As this expansion builds up – or even because of it – trade finance and treasury management in the region are moving towards more sophistication as corporates look for “top-end” solutions to cash management.

In another article, it is noted that the greatest cause for positivity for trade expansion is, perhaps, the increase in business with Asia – most notably India and China. The spectacular economic rise of those countries over the previous two decades has accelerated trade and investment flows with the MENA region, particularly the oil-producing nations.

The author explains that “as the strongly trade-orientated Gulf economies are set to remain highly active – indeed proactive – with respect to cross-border commerce, the corporate need for ‘top end’ or ‘next generation’ treasury solutions that converge cash and trade has increased accordingly.

“This is largely in response to the growing recognition that it is both difficult and inefficient to work in trade and treasury silos, but also reflects today’s need for  increased sophistication of transaction processing visibility and risk management”.

Another growing trend reported in this edition is the rising demand for investment guarantees and political insurance brought about by stability concerns in the wake of the Arab Spring. The belief is that this trend will continue into the foreseeable future.

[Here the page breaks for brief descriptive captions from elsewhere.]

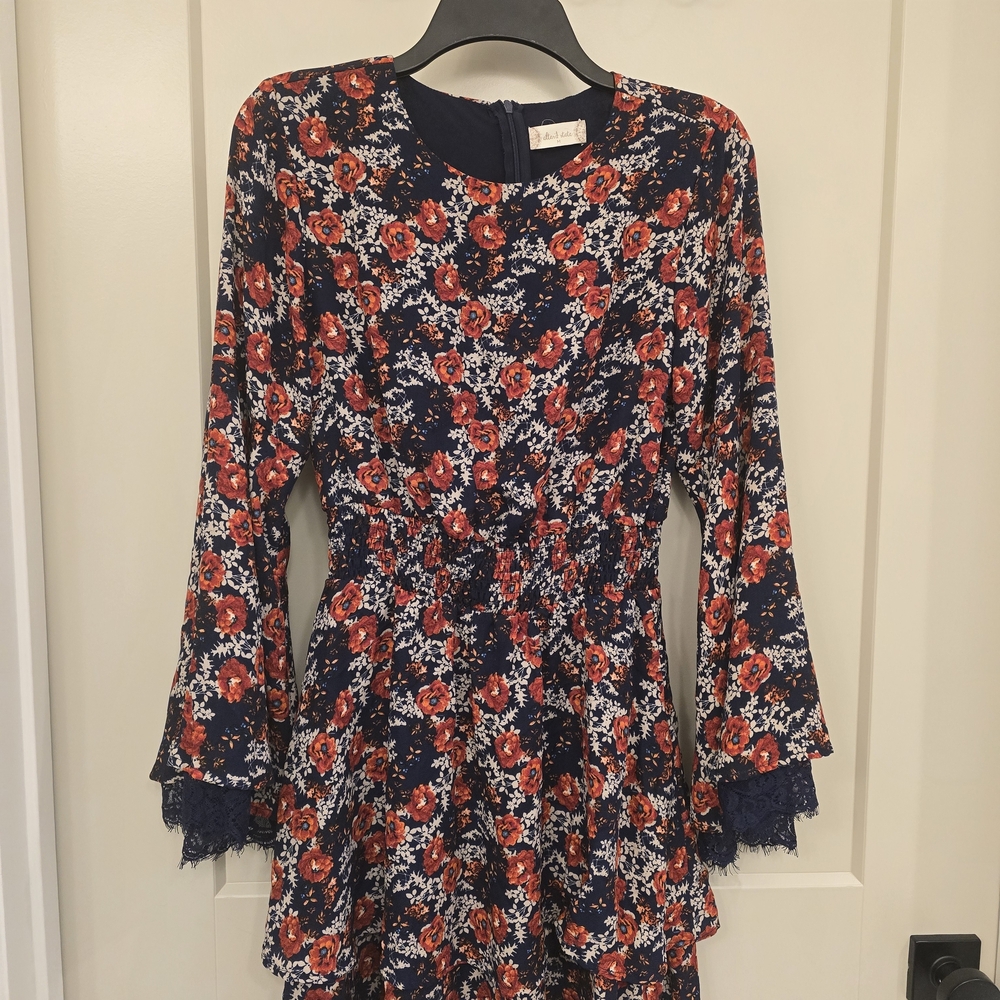 Altar'd State Navy and Red Floral Long Sleeve Dress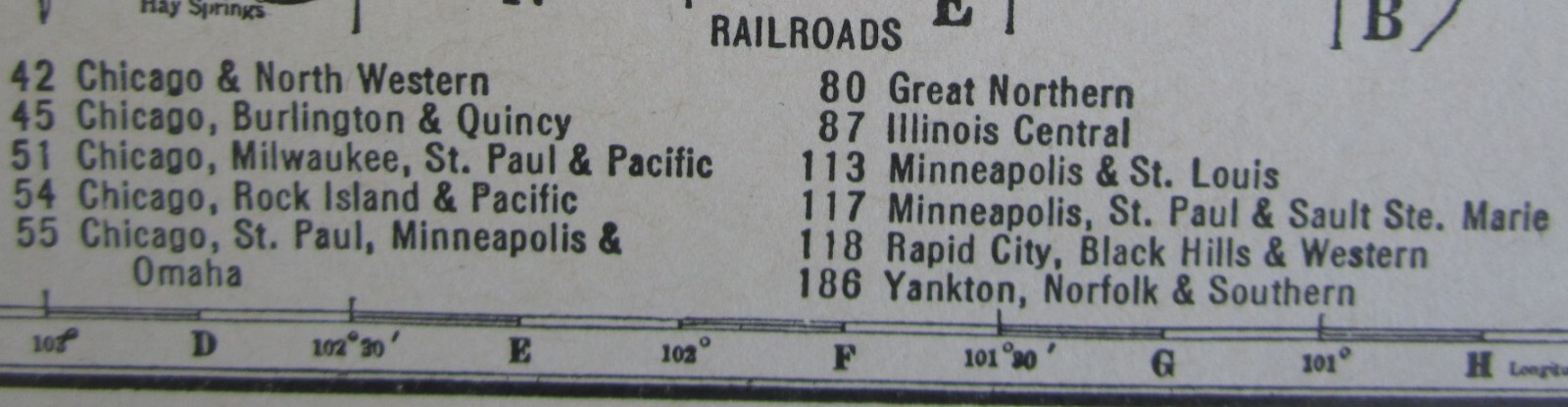 TN SD Vtg 1939 TENNESSEE RAILROAD Map. MORGAN & FENTRESS RR ~or~ SOUTH DAKOTA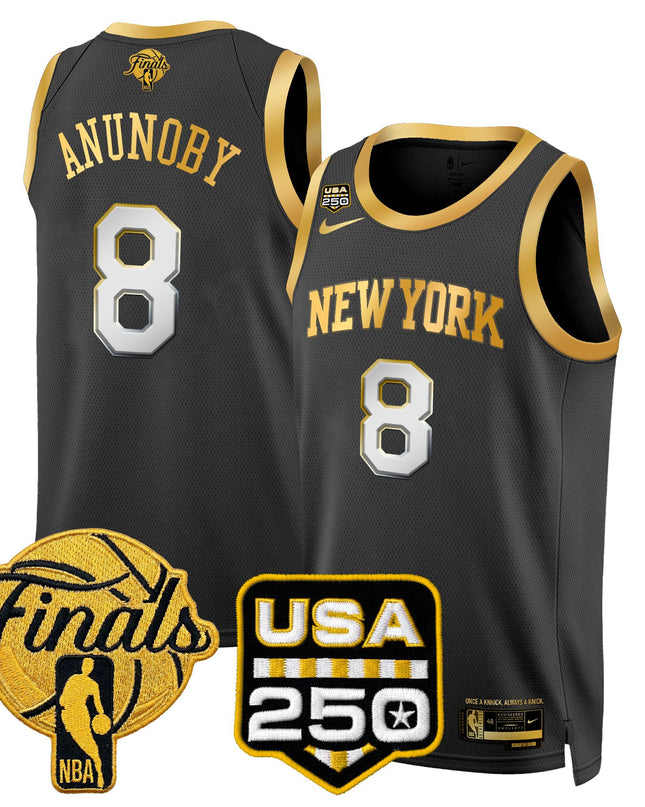 Men's New York Knicks 2026 Finals Swingman Jersey - 250 America Patch - All Stitched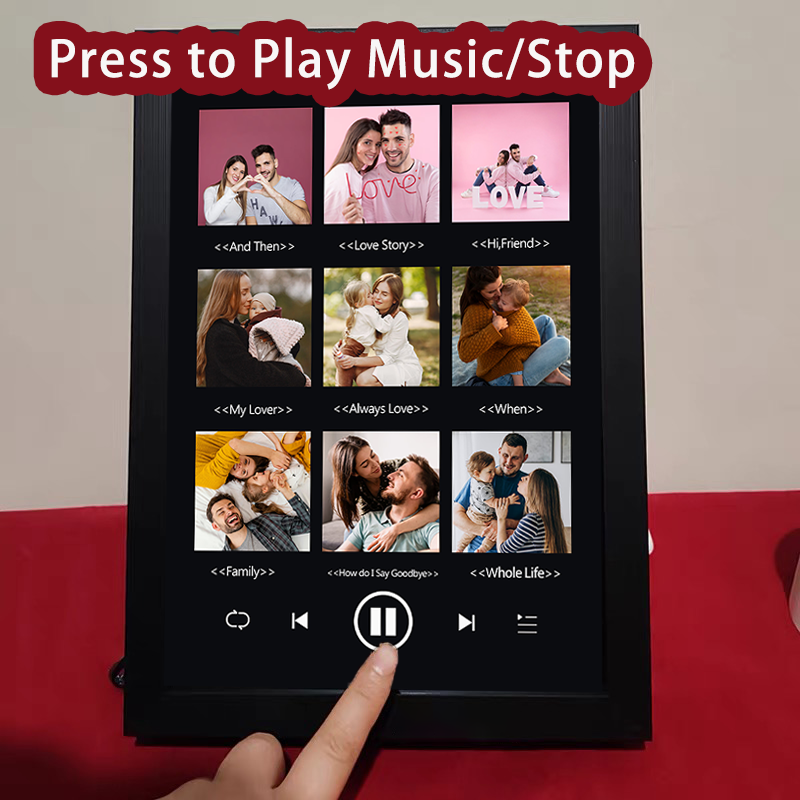 Custom Nine Songs Picture Frames Night Light with Personalized Photo Music Player (can play nine whole song)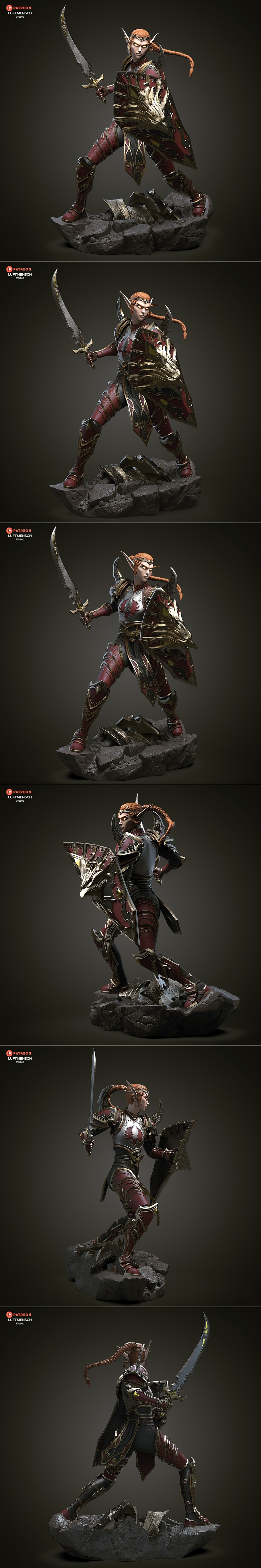 Luftmensch Studio 3D model of Lady Liadrin, an elf in red and gold armor, holding a sword and shield, standing on a r...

Trade finance and corporate banking are on the up in Saudi Arabia thanks to strong, double-digit growth in both imports and exports in the Kingdom and continued positive intermediation by Saudi banks in trade flows.

This is confirmed by Cash Management Matters (CMM), which as part of its aim to create transparency in the trade finance market-place in the KSA, has set out the results of its 2011 research in its Tajara Monitor publication.

Currently, the Tajara Monitor analyses the trade finance and corporate banking performance of the 12 Saudi banks that are licensed entities with the Saudi Arabian Monetary Agency (SAMA) and the latest figures are detailed in this issue.